The National Guard says the pilot of the F-15C Eagle was completing qualification training in a controlled military airspace Thursday morning when he flew at just under 700 mph at 20,000 feet above sea level, National Guard spokesman Maj. Matthew Mutti said.
The area isn't among those designated by the U.S. Air Force for supersonic flights, he said.
Residents of the Vermont city of Bradford and the New Hampshire communities of Lyme and Orford may have heard the resulting sonic boom, according to a statement released by the National Guard.
Orford police Officer Michael Foster said the sonic boom prompted about a half dozen residents to call his department. "It was just concern because of the noise," he told The Associated Press.
Dispatchers at the Hanover, N.H., police department, who take calls for 23 towns, told the Valley News of Lebanon, N.H., that they received 15 calls related to the sonic boom.
The National Guard says it didn't intend to cause undue concern.
The military restricts supersonic flights to specific operating areas in an effort to avoid disturbing communities over which the jets are flying.

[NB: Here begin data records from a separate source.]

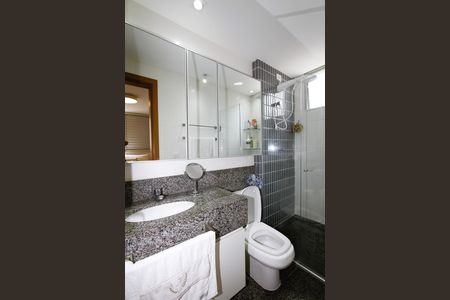 Apartamento à venda com 105m², 3 quartos e 2 vagasBanheiro da Suíte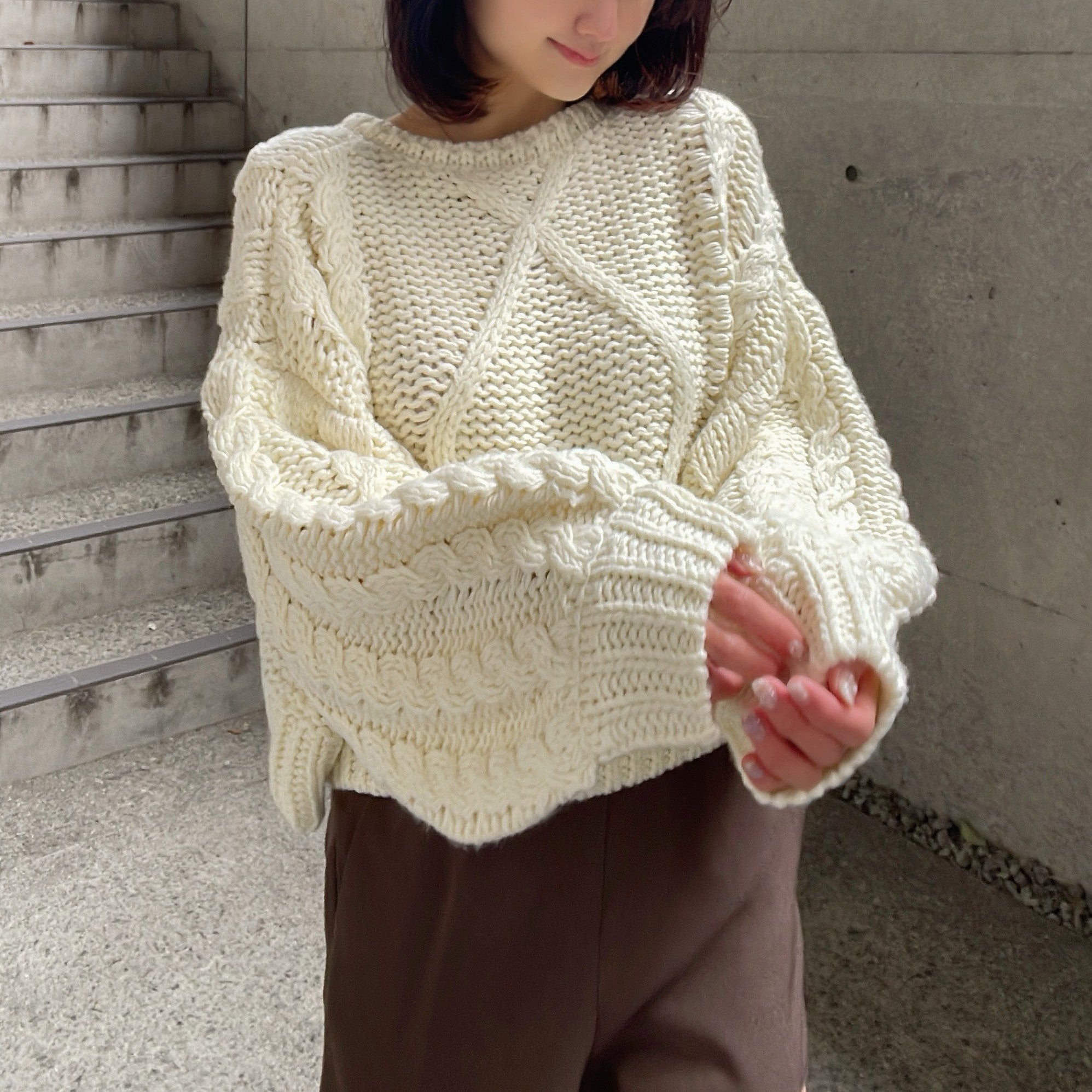 ヒューマンセカンドオケージョン Human 2nd Occasion ロービングケーブルショート丈ニットプルオーバー （チャコールグレー） チャコールグレー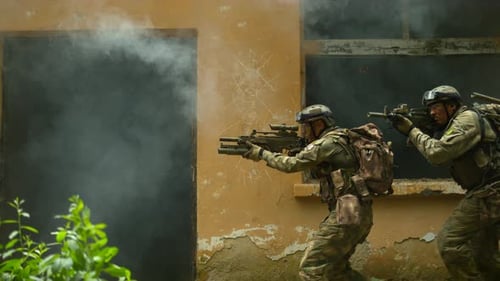 Des militaires en action, au Ralenti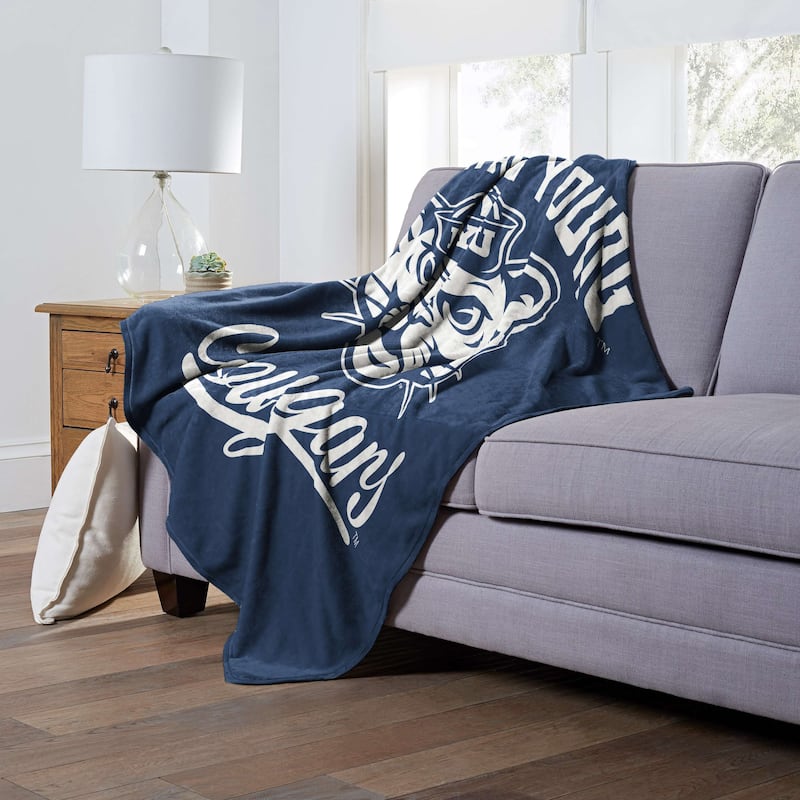 NCAA Big 12 Alumni Silk Touch Throw Blanket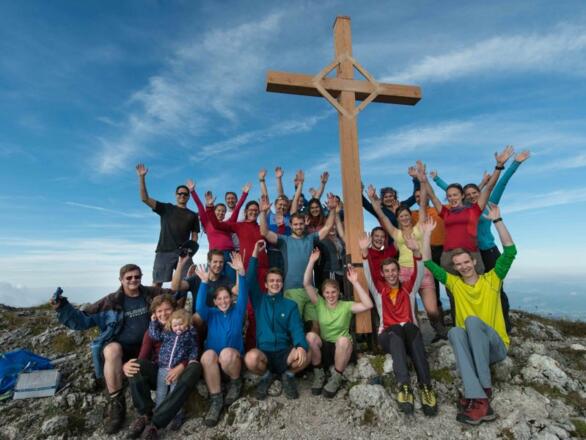 Pyramidenspitze mit allen Aufstell-Helfern des neuen Gipfelkreuzes
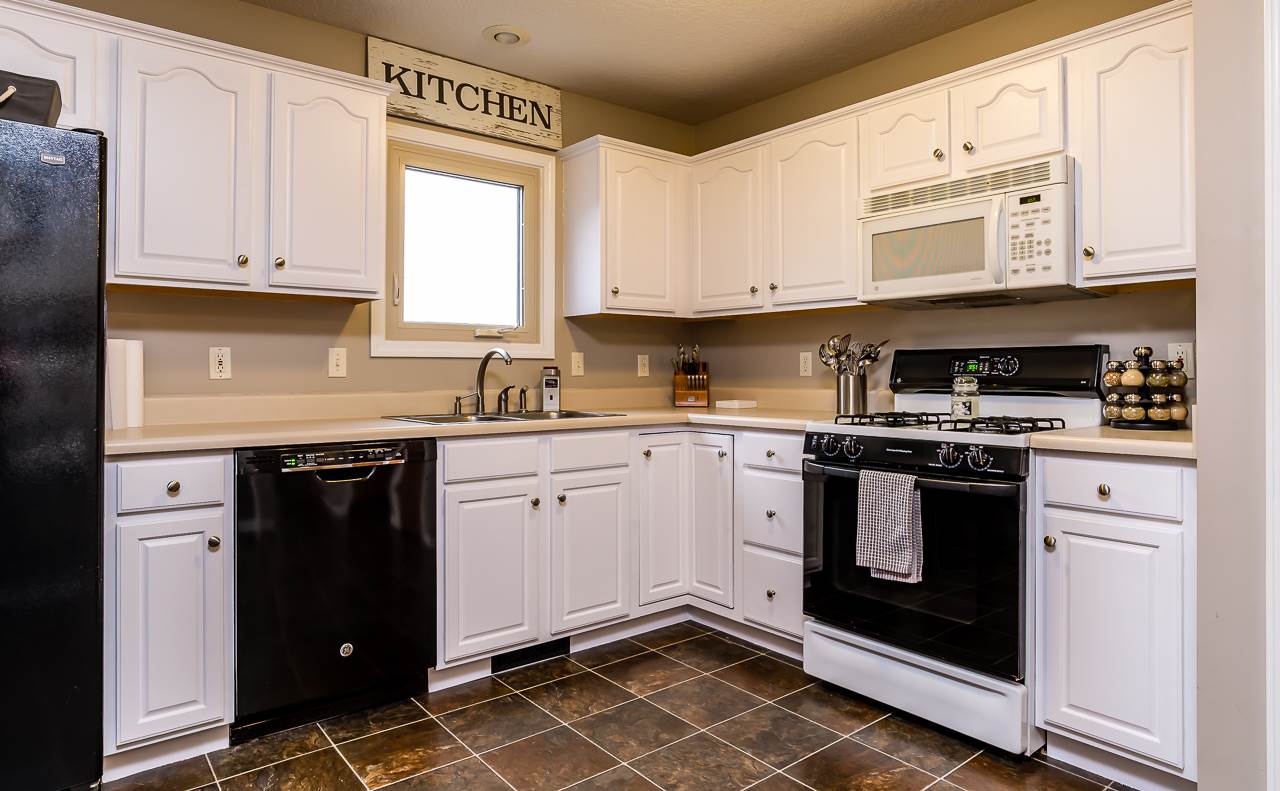 311 Rampart Drive Fort Wayne, IN 46845 - Photo 16 of 35 Gallery Image 16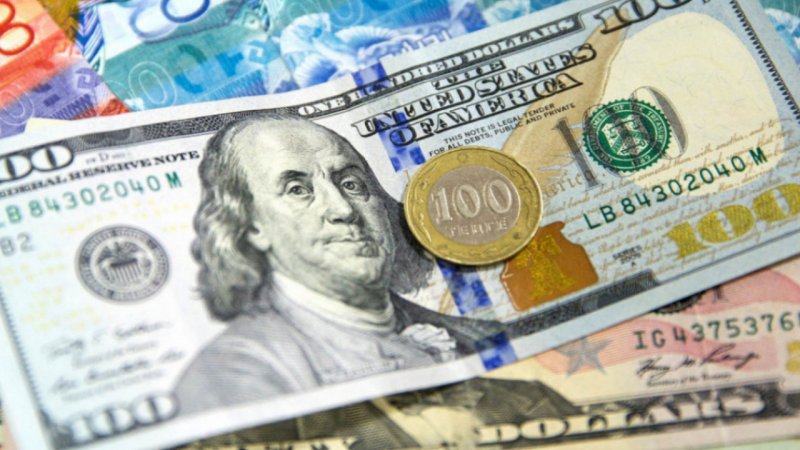 Курс доллара упал на торгах - «Финансы»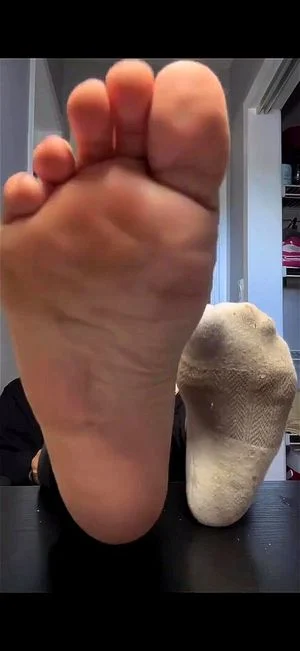 gym feet/stinky feet thumbnail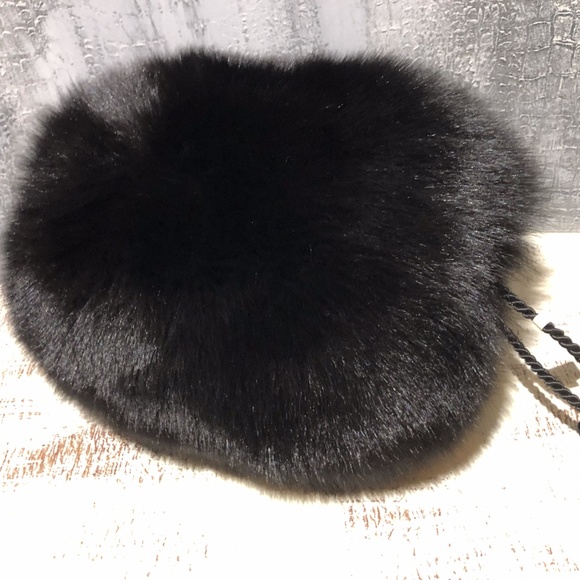 Eve Reid Dallas Accessories - Eve Reid Vintage Fox Fur Muff (Hollywood History)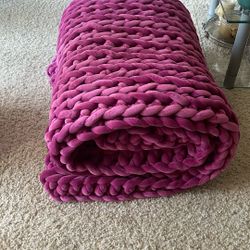 AUQ Weighted Blanket,Handcrafted Chunky Knit Throw Blanket for Couch,Elegant and Functional Heavy Blanket,Red,31.5"×31.5"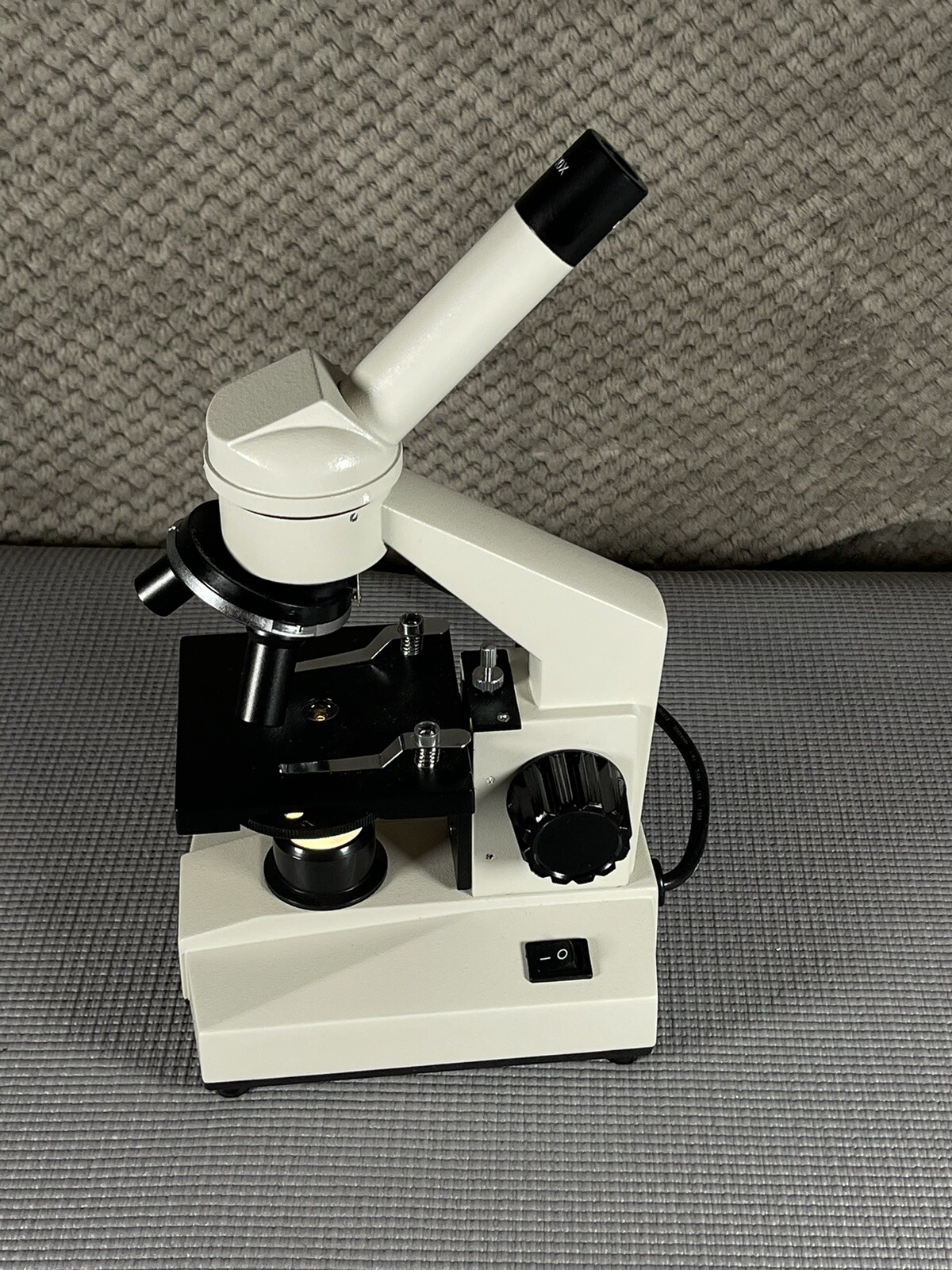 Wards 24-2130 Microscope with objectives 4x, 10x, 40x Walter WF10X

The aircrafts are allowed to exceed the speed of sound when flying "15 miles off the coast at a specified altitude ...
The F-15s -- extremely maneuverable tactical fighters designed to enable the Air Force gain and maintain air supremacy over the battlefield -- secure the northeastern United States airspace.
"We will continue to work hard to prepare our pilots to fulfill our mission of air superiority, and our commitment to the community's safety is always paramount, never intending to cause undue concern," said Col. Kenneth Lambrich, vice commander of the 104th Fighter Vice Wing based in the western Massachusetts town of Westfield.